Just such a child as those, thought the Chaplain--himself but a few
years older--no history; no life, as we know life; no love, and what was
life without--you may see that the Chaplain was young; the poor boy was
taken from these quiet ways and sent direct on the fire-lit stage of
history, and in the turn, behold! he was a hero. The white-robed
Chaplain thrilled and his dark eyes flashed. He seemed to see that day;
he would give half his life to have seen it--this boy had given all of
his. The boy was wounded early, and as the bullets poured death down the
hill he crept up it, on hands and knees, leading his men. The strong
life in him lasted till he reached the top, and then the last of it
pulled him to his feet and he stood and waved and cheered--and fell. But
he went up San Juan Hill. After all, he lived. He missed fifty years,
perhaps, but he had Santiago. The flag wrapped him, he was the honored
dead of the nation. God keep him! The Chaplain turned with a swing and
raised his prayer-book to read the committal. The long black box--the
boy was very tall--was being lowered gently, tenderly. Suddenly the
heroic vision of Santiago vanished and he seemed to see again the
rumpled head and the alert, eager, rosy face of the boy playing
football--the head that lay there! An iron grip caught his throat, and
if a sound had come it would have been a sob. Poor little boy! Poor
little hero! To exchange all life's sweetness for that fiery glory! Not
to have known the meaning of living--of loving--of being loved!
The beautiful, tender voice rang out again so that each one heard it to
the farthest limit of the great crowd--"We therefore commit his body to
the ground; earth to earth, ashes to ashes, dust to dust; looking for
the general resurrection in the last day, and the life of the world to
come."
* * * * *
An hour later the boy's mother sat in her room at the hotel and opened
a tin box of letters, found with his traps, and given her with the rest.
She had planned it for this time and had left the box unopened.
To-morrow she must take up life and try to carry it, with the boy gone,
but to-day she must and would be what is called morbid. She looked over
the bend in the river to the white-dotted cemetery--she could tell where
lay the new mound, flower-covered, above his yellow head. She looked
away quickly and bent over the box in her lap and turned the key. Her
own handwriting met her eyes first; all her letters for six months back
were there, scattered loosely about the box. She gathered them up,
slipping them through her fingers to be sure of the writing. Letter
after letter, all hers.
"They were his love-letters," she said to herself. "He never had any
others, dear little boy--my dear little boy!"

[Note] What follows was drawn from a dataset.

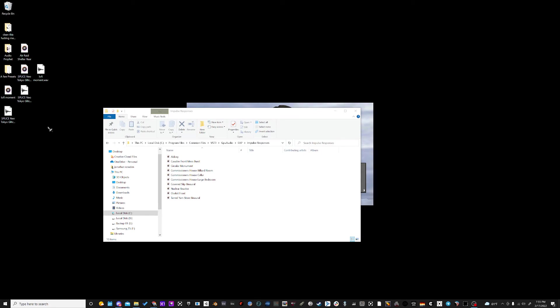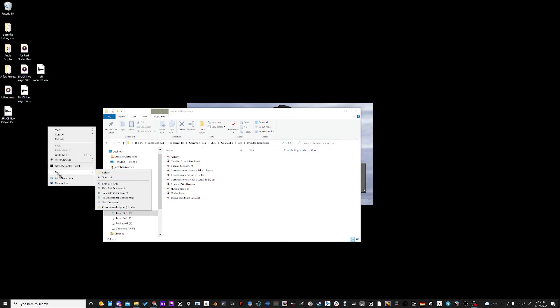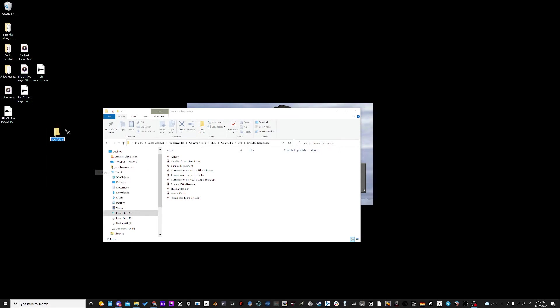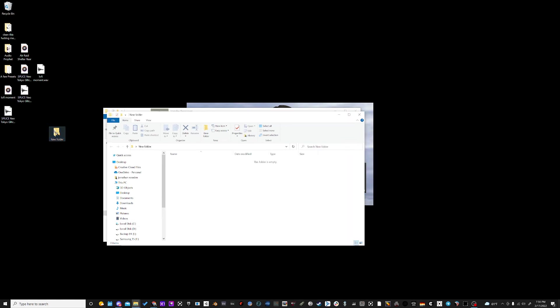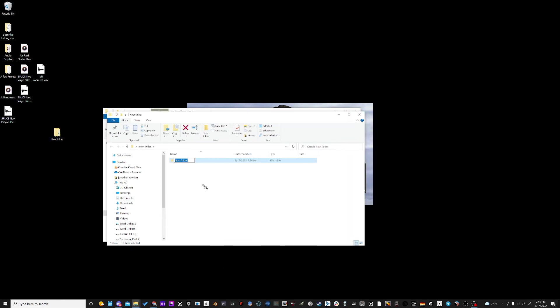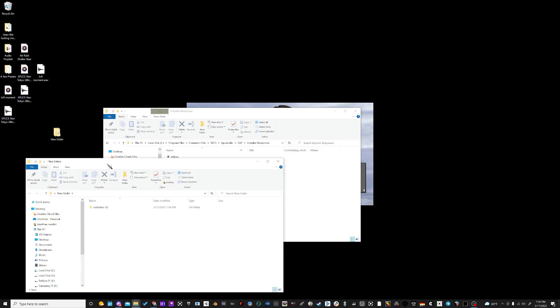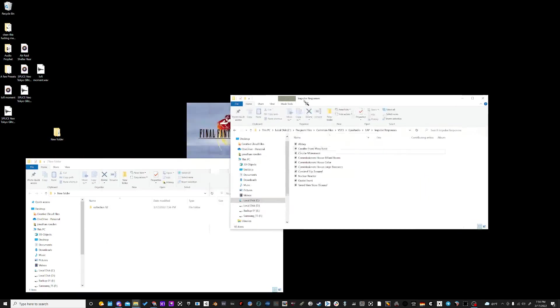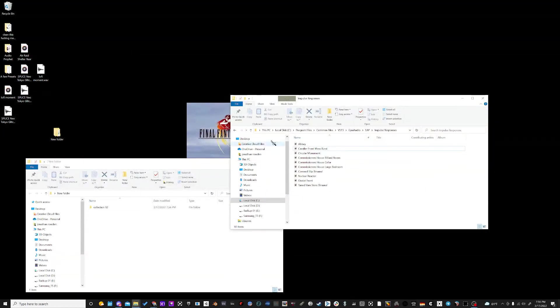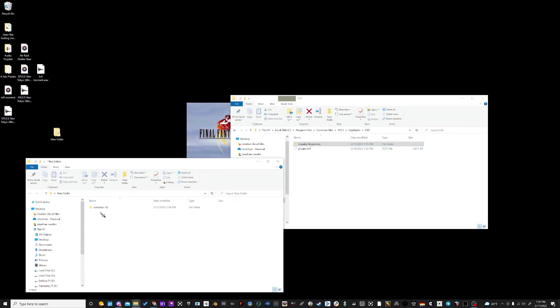So one thing that you can do if you want to keep organized is, let's say we make a new folder. Let's say we have a bunch of different collections of impulse responses. Let's make Collection 12. So what we would want to do is, instead of dragging this folder in here and replacing it, you don't want to do that because we have to use this original folder that says Impulse Responses. It's set up for that.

Underneath were more letters, a package first; quite a lot of them,
thirty, fifty--it was hard to guess--held together by a rubber strap.
The strap broke as she drew out the first envelope and they fell all
about her, some on the floor, but she did not notice it, for the address
was in a feminine writing that had a vague familiarity. She stopped a
moment, with the envelope in one hand and the fingers of the other hand
on the folded paper inside. It felt like a dishonorable thing to
do--like prying into the boy's secrets, forcing his confidence; and she
had never done that. Yet some one must know whether these papers of his
should be burned or kept, and who was there but herself? She drew out
the letter. It began "My dearest." The boy's mother stopped short and
drew a trembling breath, with a sharp, jealous pain. She had not known.
Then she lifted her head and saw the dots of white on the green earth
across the bay and her heart grew soft for that other woman to whom he
had been "dearest" too, who must suffer this sorrow of losing him too.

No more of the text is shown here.